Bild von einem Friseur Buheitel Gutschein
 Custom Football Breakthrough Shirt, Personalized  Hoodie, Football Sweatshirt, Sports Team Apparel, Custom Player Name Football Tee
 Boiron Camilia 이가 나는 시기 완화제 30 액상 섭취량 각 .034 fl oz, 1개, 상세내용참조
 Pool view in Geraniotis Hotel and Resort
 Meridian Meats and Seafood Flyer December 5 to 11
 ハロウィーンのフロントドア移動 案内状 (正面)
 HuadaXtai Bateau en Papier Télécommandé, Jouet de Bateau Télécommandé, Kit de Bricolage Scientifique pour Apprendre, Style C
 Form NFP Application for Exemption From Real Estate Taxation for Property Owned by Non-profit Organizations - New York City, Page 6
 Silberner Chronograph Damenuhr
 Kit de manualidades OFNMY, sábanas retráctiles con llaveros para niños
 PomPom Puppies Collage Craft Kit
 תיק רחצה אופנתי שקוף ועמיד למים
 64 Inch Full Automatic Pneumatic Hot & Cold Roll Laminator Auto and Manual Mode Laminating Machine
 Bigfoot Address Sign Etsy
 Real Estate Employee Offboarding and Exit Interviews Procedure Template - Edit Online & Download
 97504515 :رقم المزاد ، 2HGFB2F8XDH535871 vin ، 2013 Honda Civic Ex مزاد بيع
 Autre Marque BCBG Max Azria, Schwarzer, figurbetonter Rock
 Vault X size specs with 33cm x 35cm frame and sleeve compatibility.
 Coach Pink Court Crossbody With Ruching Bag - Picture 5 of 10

════════════════════

_Exercise goal:_
Please copy the lines above from the line with "HuadaXtai Bateau en" up to and including the line with "Silberner Chronograph Damenuhr", exactly as written and with nothing else.

_Written answer:_
 HuadaXtai Bateau en Papier Télécommandé, Jouet de Bateau Télécommandé, Kit de Bricolage Scientifique pour Apprendre, Style C
 Form NFP Application for Exemption From Real Estate Taxation for Property Owned by Non-profit Organizations - New York City, Page 6
 Silberner Chronograph Damenuhr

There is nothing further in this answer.